A teenager holds an AK-47 Kalashnikov during a military-patriotic game Zarnitsa (Summer Lightning) at a field outside Stavropol on June 24, 2014. (AFP PHOTO / DANIL SEMYONOV)

The White House issued a number of new sanctions against Russian companies Wednesday, including Kalashnikov Concern, maker of AK-47s. And the Russian government is concerned about what this will mean for American gun owners.

The Russian Embassy here tweeted a story from Russian wire service IRAR-TASS with the note: “Sanctions against Kalashnikov corporation run counter to interests of US customers.”

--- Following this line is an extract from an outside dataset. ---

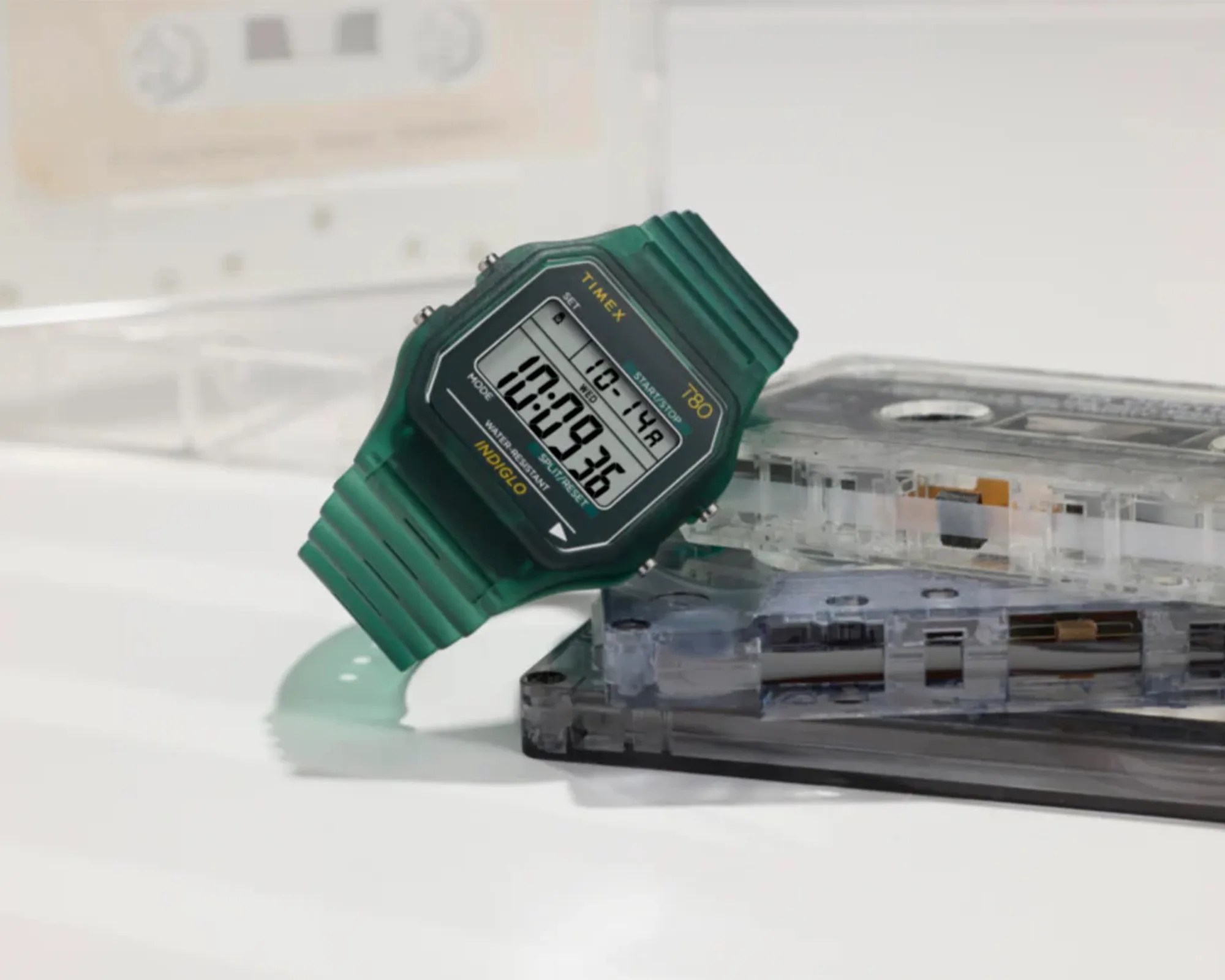 Green Timex T80 digital watch with black face and yellow text resting on clear cassette tapes.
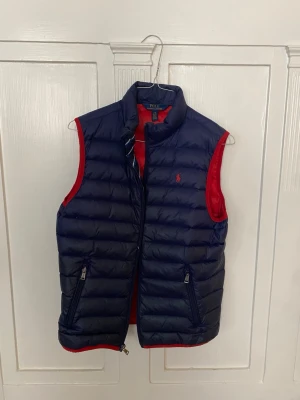 Mörkblå dunväst från Polo Ralph Lauren Junior L 14/16 - Snygg mörkblå dunväst från Polo Ralph Lauren med röd insida. Västen har två dragkedjeförsedda fickor och klassisk broderad logga på bröstet.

The story it linked to is a brief interview with a spokesman from the gun manufacturer who says Americans are loyal customers of the well-known assault weapons. There are said to be 100 million of its rifles around the world.

“This means that the sanctions the US Administration has imposed on Kalashnikov contravene the interests of US consumers,” the Kalashnikov spokesman said.

The Loop called the NRA to see if it agrees, but received no response.

State Department spokeswoman Jen Psaki was asked about Russia’s assertion on Thursday, and said the U.S. government takes “into account, of course, any impact on U.S. businesses, U.S. consumers as we make these decisions.”

She said she did not know what the specific impact would be on American AK-47 buyers.

Helpfully, the Treasury Department put out a FAQ on that.

If you are a concerned Kalashnikov fan, Treasury promises if you like your AK-47 you can keep your AK-47. You can even sell it privately at gun shows and shops. But you can’t buy a new one, and if you haven’t fully paid for your Kalashnikov (in other words, you still owe the Russians money) then call The Office of Foreign Assets Control for guidance.